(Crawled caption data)
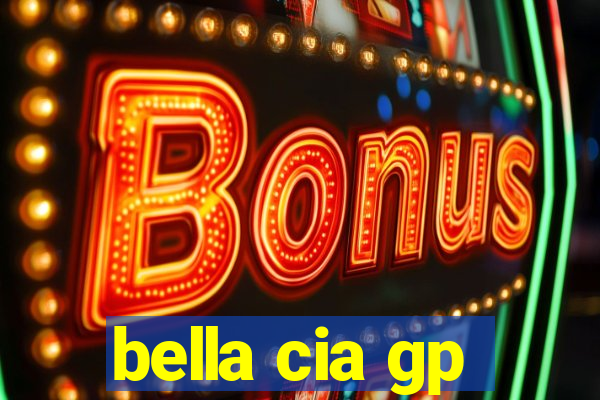 bella cia gp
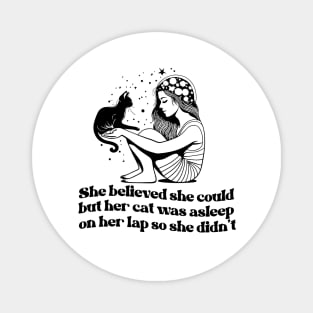 she believed she could but her cat was asleep on her lap so she didnt shirt, Hand Drawn black cat Celestial Magnet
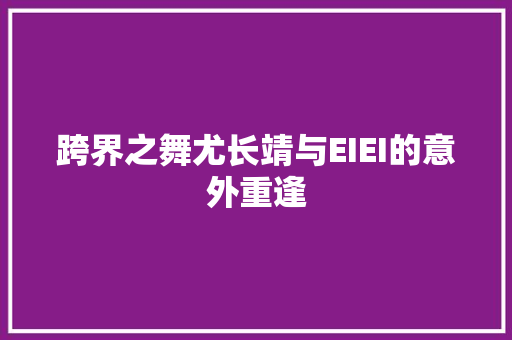 跨界之舞尤长靖与EIEI的意外重逢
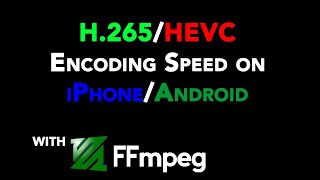 How Fast is H265HEVC Software Encoding on ARM CPUs iPhoneAndroid With FFmpeg [upl. by Dilisio396]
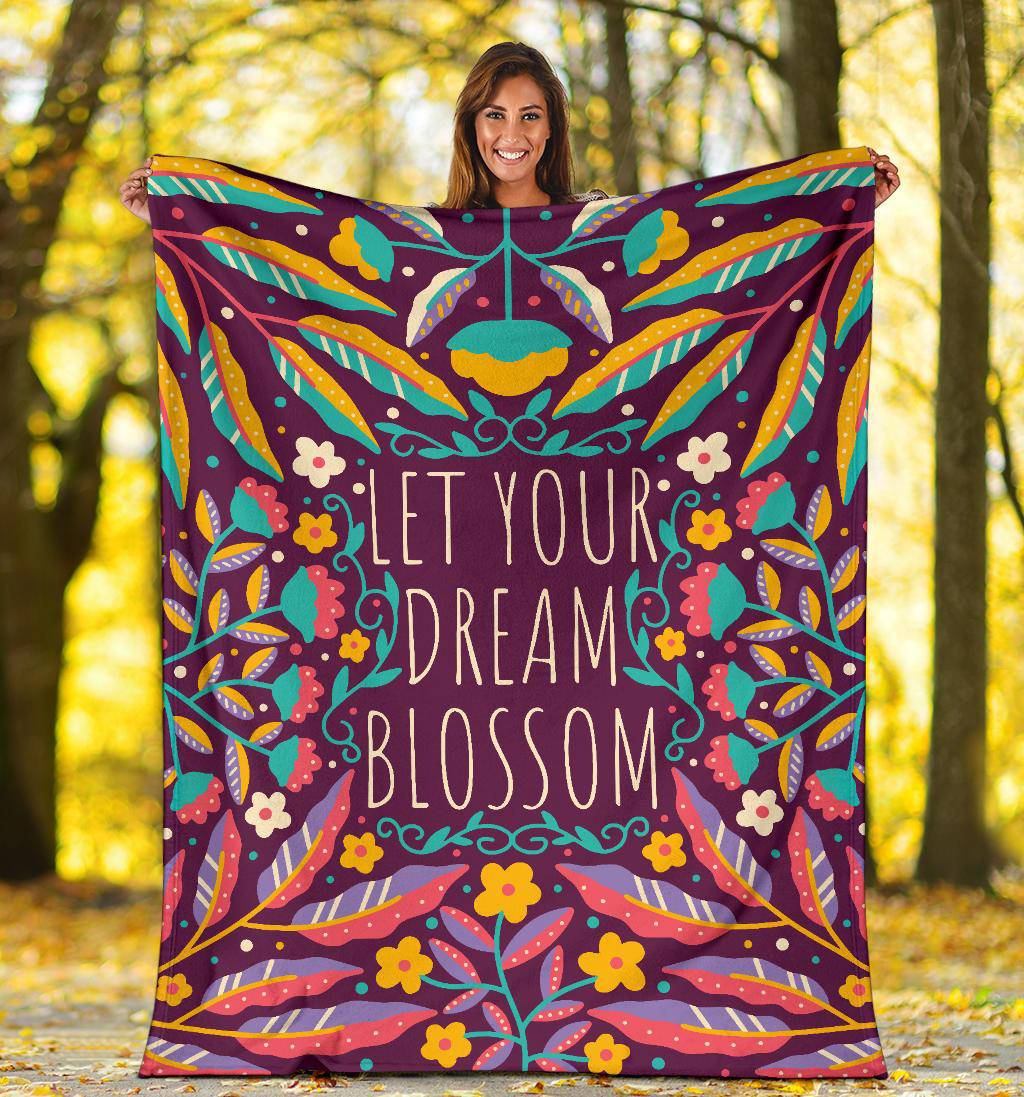 Quotes Let your dream Blossom Floral Premium Blanket - Top Content | POD Collection | Free Shipping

WHAT THE TASK ASKS
Pictures stay out, but every record above is to be returned exactly.

YOUR SOLUTION
 bella cia gp
 she believed she could but her cat was asleep on her lap so she didnt shirt, Hand Drawn black cat Celestial Magnet
 跨界之舞尤长靖与EIEI的意外重逢
 How Fast is H265HEVC Software Encoding on ARM CPUs iPhoneAndroid With FFmpeg [upl. by Dilisio396]
 Quotes Let your dream Blossom Floral Premium Blanket - Top Content | POD Collection | Free Shipping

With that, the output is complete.